The next few days and weeks were difficult as Lynn struggled with her newest setback with strength and determination. Her diabetes became more and more difficult to manage, wildly fluctuating from time to time. Friends and relatives stopped by her home during the day as Jim worked so that she wouldn't be alone very often. One time, she slipped into a diabetic coma and had to be revived by a paramedic squad. Through it all, she remained upbeat and her sense of humor returned with a vengeance. She constantly poked fun at herself and would not let anyone see the pain she had.

As April ended, Lynn developed a fever and it was discovered that she had developed a blood infection, presumably from her latest surgery. And so, it was back into the hospital one last time.

It never occurred to me, never entered my mind that Lynn would ever be defeated by illness no matter how severe. Maybe I wouldn't allow myself to think the unthinkable. Things just didn't go right from the start and with each visit I could see her getting weaker. She never complained of the pain she must have had. Lynn would only say she was tired and needed to take a nap. That was the beauty of her. The infection wasn't getting better and the cancer was back, attacking her with a renewed voracity. We all tried to remain optimistic.....

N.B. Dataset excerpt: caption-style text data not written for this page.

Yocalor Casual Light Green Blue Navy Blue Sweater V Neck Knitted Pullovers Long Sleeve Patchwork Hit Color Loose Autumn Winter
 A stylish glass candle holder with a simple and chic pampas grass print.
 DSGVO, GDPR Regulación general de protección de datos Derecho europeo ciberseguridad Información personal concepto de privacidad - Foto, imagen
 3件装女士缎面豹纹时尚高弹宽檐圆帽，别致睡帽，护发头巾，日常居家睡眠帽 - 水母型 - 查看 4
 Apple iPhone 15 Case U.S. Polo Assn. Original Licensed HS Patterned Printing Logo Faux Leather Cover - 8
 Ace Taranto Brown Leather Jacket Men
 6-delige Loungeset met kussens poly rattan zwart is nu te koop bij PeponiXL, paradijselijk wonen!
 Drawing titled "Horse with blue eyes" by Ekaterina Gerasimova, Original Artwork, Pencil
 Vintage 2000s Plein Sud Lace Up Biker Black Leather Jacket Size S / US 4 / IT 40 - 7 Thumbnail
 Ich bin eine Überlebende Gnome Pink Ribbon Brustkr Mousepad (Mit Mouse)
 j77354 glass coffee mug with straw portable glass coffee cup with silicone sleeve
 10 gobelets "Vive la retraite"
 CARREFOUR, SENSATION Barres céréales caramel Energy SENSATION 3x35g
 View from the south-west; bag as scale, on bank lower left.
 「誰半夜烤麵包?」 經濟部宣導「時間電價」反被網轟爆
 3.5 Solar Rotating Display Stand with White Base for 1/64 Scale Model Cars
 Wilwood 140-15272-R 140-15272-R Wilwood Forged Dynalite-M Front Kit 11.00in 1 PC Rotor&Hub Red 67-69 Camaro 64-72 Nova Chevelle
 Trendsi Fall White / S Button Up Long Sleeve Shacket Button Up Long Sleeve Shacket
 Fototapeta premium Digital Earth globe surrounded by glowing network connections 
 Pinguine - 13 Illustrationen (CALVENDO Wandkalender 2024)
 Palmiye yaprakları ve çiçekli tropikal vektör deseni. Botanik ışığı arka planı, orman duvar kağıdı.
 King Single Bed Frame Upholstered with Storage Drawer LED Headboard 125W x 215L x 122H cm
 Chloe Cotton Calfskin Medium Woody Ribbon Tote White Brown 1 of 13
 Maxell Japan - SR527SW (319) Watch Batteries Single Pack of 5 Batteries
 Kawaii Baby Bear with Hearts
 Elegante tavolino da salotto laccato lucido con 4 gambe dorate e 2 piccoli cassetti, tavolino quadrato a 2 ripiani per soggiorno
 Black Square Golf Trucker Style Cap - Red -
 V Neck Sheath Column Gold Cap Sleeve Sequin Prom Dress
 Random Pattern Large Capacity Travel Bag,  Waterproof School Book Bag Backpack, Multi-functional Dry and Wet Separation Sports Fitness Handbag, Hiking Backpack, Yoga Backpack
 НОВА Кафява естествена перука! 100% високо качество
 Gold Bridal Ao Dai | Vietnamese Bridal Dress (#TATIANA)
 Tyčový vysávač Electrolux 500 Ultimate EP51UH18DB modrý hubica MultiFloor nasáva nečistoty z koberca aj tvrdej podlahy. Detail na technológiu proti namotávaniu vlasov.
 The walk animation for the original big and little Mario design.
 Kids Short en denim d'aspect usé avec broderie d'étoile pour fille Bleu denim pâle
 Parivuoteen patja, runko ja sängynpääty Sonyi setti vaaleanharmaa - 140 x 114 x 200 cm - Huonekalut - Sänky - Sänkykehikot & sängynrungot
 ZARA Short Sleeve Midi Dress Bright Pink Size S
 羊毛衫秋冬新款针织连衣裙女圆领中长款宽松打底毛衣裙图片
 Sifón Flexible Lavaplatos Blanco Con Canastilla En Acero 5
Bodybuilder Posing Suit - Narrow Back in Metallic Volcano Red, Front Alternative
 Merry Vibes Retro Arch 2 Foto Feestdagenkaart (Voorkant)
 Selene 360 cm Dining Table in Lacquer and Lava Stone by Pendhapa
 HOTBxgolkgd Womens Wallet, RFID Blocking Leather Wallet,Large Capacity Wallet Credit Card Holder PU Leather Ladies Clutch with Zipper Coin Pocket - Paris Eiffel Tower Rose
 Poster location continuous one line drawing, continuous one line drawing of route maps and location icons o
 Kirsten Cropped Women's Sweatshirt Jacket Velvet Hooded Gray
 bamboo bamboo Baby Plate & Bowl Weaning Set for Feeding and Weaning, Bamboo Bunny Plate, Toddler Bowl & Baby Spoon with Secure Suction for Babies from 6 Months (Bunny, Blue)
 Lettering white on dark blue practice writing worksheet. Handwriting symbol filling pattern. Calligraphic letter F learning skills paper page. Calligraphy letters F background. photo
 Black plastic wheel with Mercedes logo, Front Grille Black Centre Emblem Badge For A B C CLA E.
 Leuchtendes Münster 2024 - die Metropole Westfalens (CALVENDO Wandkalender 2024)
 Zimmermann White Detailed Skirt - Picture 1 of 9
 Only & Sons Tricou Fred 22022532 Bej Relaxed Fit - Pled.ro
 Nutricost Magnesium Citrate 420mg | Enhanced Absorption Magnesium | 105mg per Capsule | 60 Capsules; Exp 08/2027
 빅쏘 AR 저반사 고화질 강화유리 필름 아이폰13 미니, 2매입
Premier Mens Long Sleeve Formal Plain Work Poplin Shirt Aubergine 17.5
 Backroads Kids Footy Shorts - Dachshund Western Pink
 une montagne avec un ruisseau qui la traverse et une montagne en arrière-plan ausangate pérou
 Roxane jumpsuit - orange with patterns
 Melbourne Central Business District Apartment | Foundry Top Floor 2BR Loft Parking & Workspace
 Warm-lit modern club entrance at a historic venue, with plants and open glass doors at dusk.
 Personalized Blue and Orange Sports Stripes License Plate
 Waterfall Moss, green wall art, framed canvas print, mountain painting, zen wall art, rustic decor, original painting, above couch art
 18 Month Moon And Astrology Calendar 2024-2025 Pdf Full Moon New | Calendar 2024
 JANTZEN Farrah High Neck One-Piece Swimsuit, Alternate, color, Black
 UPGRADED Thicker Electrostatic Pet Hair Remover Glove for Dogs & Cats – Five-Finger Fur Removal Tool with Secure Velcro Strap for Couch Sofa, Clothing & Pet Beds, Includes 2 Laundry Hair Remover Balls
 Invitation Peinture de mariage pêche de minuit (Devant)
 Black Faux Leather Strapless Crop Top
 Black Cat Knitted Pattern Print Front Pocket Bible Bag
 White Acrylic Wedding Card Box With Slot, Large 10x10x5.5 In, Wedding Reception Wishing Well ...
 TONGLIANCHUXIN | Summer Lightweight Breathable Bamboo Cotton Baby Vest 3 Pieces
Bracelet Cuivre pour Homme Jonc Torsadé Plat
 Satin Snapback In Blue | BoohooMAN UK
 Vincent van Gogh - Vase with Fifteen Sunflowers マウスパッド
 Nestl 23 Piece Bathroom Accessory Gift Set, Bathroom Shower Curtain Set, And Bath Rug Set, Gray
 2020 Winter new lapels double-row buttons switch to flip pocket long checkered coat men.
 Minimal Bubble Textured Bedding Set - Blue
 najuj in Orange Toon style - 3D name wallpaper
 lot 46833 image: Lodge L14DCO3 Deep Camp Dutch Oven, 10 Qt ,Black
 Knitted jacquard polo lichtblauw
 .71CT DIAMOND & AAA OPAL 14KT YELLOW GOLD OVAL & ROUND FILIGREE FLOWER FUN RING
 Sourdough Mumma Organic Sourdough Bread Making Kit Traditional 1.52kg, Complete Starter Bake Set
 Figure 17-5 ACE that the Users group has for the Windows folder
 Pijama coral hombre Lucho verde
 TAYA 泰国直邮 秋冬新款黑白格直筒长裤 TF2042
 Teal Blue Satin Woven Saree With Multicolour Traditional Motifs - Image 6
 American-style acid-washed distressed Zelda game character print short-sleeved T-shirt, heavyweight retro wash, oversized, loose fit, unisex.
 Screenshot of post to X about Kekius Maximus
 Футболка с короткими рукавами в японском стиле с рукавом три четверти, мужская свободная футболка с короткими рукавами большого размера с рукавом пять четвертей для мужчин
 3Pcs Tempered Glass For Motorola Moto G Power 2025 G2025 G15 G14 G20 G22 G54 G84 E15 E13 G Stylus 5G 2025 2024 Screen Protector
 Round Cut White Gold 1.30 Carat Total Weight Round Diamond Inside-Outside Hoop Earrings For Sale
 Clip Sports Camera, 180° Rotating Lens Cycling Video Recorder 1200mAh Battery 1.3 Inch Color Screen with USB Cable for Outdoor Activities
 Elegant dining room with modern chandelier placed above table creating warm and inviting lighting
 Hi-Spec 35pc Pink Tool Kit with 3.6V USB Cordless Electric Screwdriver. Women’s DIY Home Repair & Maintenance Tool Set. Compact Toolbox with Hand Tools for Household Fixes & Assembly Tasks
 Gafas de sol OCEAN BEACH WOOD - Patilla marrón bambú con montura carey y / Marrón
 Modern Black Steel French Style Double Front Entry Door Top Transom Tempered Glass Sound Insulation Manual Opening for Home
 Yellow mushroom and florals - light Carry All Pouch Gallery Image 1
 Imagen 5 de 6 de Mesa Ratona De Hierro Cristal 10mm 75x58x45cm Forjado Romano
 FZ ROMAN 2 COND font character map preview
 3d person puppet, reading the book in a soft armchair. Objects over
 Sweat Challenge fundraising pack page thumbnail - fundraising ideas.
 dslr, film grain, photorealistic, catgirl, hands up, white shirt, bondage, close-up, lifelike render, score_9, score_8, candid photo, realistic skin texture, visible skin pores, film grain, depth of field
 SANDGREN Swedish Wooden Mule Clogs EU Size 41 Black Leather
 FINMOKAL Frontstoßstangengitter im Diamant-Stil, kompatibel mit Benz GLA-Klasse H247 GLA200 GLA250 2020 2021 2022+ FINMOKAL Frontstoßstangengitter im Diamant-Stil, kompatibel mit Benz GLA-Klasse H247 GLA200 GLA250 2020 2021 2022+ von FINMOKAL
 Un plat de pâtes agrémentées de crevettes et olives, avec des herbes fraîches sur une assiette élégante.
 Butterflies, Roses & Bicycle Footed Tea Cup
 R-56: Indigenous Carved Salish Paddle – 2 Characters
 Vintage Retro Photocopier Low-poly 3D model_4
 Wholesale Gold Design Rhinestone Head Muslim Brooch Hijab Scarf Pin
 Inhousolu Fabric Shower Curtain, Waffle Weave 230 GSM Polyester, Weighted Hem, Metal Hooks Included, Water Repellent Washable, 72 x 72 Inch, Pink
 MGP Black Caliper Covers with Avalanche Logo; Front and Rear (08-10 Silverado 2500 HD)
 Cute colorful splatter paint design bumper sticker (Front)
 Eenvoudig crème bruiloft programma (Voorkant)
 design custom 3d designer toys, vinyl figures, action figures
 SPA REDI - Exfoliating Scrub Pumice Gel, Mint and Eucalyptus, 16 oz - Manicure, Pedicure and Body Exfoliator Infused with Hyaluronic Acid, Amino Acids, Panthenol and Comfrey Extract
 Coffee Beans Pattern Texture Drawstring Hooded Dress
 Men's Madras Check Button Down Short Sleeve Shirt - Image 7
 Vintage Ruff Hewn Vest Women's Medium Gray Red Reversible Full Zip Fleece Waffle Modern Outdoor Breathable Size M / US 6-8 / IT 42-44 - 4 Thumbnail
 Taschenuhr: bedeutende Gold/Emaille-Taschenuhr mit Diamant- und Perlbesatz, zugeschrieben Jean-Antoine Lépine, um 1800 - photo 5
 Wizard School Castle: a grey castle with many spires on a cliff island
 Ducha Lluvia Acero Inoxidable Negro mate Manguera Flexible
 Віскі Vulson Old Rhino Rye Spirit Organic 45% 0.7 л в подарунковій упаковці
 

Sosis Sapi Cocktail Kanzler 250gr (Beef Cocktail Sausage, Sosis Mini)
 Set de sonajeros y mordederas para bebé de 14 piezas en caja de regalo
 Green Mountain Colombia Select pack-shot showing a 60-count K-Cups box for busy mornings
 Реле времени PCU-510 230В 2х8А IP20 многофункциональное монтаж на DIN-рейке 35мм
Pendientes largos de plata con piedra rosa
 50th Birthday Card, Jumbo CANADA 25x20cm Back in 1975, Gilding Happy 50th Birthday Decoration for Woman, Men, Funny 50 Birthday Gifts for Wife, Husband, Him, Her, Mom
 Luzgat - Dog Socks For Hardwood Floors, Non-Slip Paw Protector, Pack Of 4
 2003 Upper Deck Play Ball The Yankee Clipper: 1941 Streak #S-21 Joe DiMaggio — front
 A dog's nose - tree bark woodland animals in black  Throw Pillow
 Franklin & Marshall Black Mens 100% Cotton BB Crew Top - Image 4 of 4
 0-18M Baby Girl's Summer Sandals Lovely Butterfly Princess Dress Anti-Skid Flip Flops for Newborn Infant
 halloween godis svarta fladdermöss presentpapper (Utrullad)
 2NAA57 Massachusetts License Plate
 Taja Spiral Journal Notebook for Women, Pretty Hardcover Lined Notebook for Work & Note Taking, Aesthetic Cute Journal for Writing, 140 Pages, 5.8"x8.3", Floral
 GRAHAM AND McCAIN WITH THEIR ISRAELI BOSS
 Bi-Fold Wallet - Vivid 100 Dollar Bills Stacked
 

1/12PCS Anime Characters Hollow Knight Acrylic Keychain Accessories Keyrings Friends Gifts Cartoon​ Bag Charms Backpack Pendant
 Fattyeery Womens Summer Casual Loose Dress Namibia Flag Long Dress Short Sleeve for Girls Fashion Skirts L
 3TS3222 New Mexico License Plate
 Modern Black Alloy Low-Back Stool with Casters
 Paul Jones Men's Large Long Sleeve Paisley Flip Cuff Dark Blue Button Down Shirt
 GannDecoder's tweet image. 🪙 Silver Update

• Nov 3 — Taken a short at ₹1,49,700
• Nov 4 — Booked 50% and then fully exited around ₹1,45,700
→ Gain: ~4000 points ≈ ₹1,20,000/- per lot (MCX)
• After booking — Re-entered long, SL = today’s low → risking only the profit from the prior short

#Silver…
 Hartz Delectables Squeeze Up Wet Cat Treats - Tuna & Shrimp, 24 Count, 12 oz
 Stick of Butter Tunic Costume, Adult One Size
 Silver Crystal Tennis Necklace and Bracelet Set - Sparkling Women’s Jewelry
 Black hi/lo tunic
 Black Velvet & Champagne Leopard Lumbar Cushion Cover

It was still a horrible shock when I received the phone call. I was numb as I stumbled to a chair to sit. It just couldn't be. How could it be? The last time I saw her, she was joking about how she would be unbalanced when she tried to walk again because of the unevenness of her amputations. Her spirit was willing, but her body finally let her down. After my friend had hung up, I continued to sit and ponder Lynn and her life and what she meant to me. And that's when the tears began too flow.

I don't remember too much about her funeral. Standing in line to talk to her husband, I saw Lynn in her casket dressed in a cream colored business suit. It didn't look like her, didn't look like the vivacious, spunky, strawberry blonde I had known for ten years. Another cruel trick of death, I guess.

I hugged Jim and offered my condolences to him. He smiled and nodded. We both knew she was out of pain and it was okay now. I went to the casket and gazed at her one last time. I kept wanting her to wake up and tell me of another idea she had for a fundraiser or how she needed me to speak at a Rotary Club. But, I knew it was for the best that she was at peace and out of pain.

I wish I could say I was strong enough not to cry during the service, but I would be lying. I wasn't alone. The only consolation was knowing Lynn would have been cussing me out for feeling sad instead of happy for her. I could see her in my mind walking around completely healthy and that was good. That helped.

I still think about her from time to time and wish I had known her longer than ten years, but I can't complain. I was lucky to know her and she'll always have a special place in my heart and memories. You can cuss me out all you want, Lynn, because I still miss you.